3.2. Publication and Escape

3.3. Thread Confinement

3.4. Immutability

3.5. Safe Publication

 

This chapter examines techniques for sharing and publishing objects so they can be safely accessed by multiple threads. Together, they lay the foundation for building thread-safe classes and safely structuring concurrent applications using the java.util.concurrent library classes.

We have seen how synchronized blocks and methods can ensure that operations execute atomically, but it is a common misconception that synchronized is only about atomicity or demarcating "critical sections". Synchronization also has another significant, and subtle, aspect: memory visibility . We want not only to prevent one thread from modifying the state of an object when another is using it, but also to ensure that when a thread modifies the state of an object, other threads can actually see the changes that were made.
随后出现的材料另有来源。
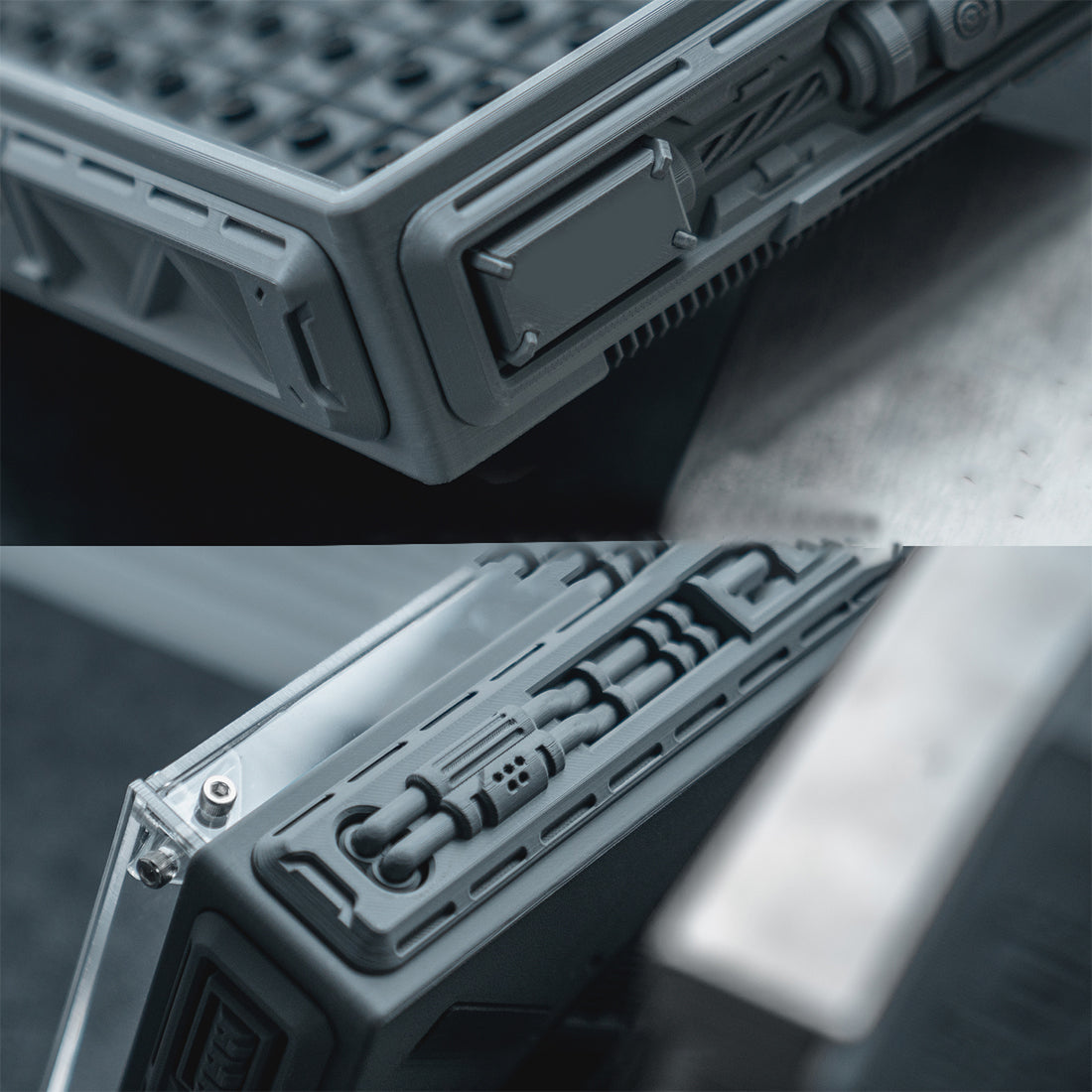 Plant100v2 Dust-Proof Keycap Storage Box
But without synchronization, this may not happen. You can ensure that objects are published safely either by using explicit synchronization or by taking advantage of the synchronization built into library classes.

 

本章目的： 怎么发布对象，使其能被多线程安全的访问到（讨论的是怎么发布对象，而不是发布线程安全的对象），这其中涉及的一个重要的概念就是可见性（ Visibility ） , 怎么去判断一个对象是否安全发布了呢？作者提到了一个原则 : 我在一个线程里修改这个对象的状态，这个最新 状态在其他线程里是可见的，而不是一个 stale data 。同步不仅仅是保持原子性还要保持可见性，本章讨论可见性的问题。怎么去同步呢？有两种方式，一种是明确的同步策略，另一种是利用现成的线程安全类库。

二 读书笔记

1. 如果没有同步策略，在一个线程里更新一个值，这个更新的值是写到了堆内存吗？

这个涉及到了 Java Memory Model ，由于实在不懂，我这里迷糊了好久。我最后根据作者的文章推测出来一个东西，可以解释本章里所有奇怪的可见性问题。
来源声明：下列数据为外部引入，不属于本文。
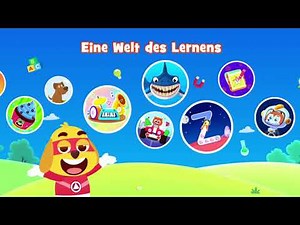 Kiddopia | Learning App for Kids | App Preview 2021 (DE) | V02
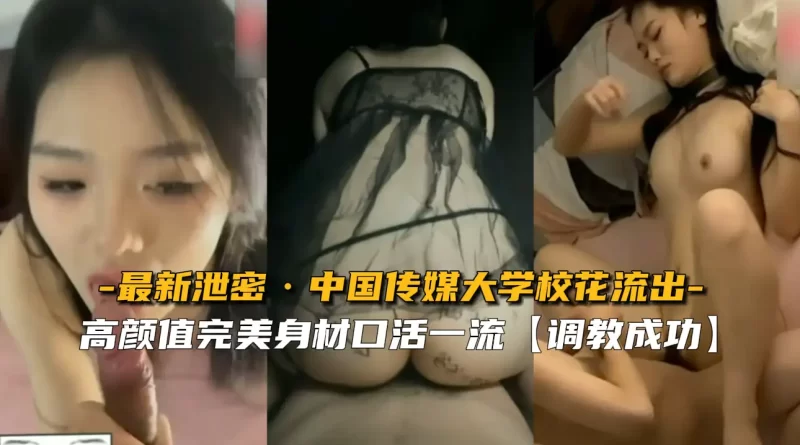 【最新泄密】中国传媒大学校花流出.mp4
public class NoVisibility {

    private static boolean ready;

    private static int number;

 

    private static class ReaderThread extends Thread {

        public void run() {

            while (!ready)

                Thread.yield();

            System.out.println(number);

        }

    }

 

    public static void main(String[] args) {

        new ReaderThread().start();

        number = 42;

        ready = true;

    }

}

作者举了上面一个很有意思的例子，还是那个词：“经典”。开始一直搞不明白为什么会可能打印出 0 而不是 42 ？为什么可能会一直循环？（在我本机中运行一直都是打出 42 ，但是有打印出 0 或者不断循环的可能性）昨天晚上终于想通了一个解释，我暂时还不知道对不对，因为没有去看过很多 Java Memory Model 的东西。

主线程第一步启动了另外一个线程，这个线程判断 ready 是否为 true, 如果为 true, 退出循环打印 number 。主线程第二步更新 number 的值（由默认值 0 更新至 42 ） , 第三步更新 ready 值（由默认值 false 改为 true ）。这里有一个幻觉， number 在 ready 改为 true 以前已经更新至 42 了，打印线程必然打印的是 42 。但是这是错的。首先我们要明确， number ， ready 是两个线程所共享的值。

那么在哪里共享这个值？答案：堆内存 。

主线程更改 number 和 ready 是立即更改堆内存里面的值吗？答案：不是，可能是先缓存在寄存器或者缓存里面（据作者所说这是为了提高程序的效率），稍后再 reordering 的更新到内存中。所谓的 reordering 就是更新的顺序不是按你主线程的顺序来的，并不是 number 在前面我就先把 number 写入，后写 ready 。完全有可能是写 ready ，后写 number 。或者都不写，没有同步机制，你不能保证我的值，一定就写到了内存里，或者按照何种顺序写到内存里 ， 在主线程里我能从不共享的寄存器和缓存里找到 number=42 ， ready=true, 但是另一个线程呢？只能去内存中找，如果没有更新的话，找到的是一个随机的值，可能是以前的 false 、 0,false 、 42 ， true,0,true,42 的任何一种，这样的话，我主线程更新了多个值，别的线程不能看到我更新的值，这就是 NoVisibility 。这点很重要，前一章说了 synchronization 包括 synchronized keyword, volatile variables, explicit locks, and atomic variables. 都能保证可见性，进一步说能保证这个值更新到内存里，而不是寄存器和缓存，而且这个更新的顺序是有保证的 ( 书上有 ) 。这样其他线程就能及时的看见这个更新的值，程序就能表现我们预期的行为。

作者说了这么一段话，可以仔细看看。

 

In general, there is no guarantee that the reading thread will see a value written by another thread on a timely basis, or even at all. In order to ensure visibility of memory writes across threads, you must use synchronization.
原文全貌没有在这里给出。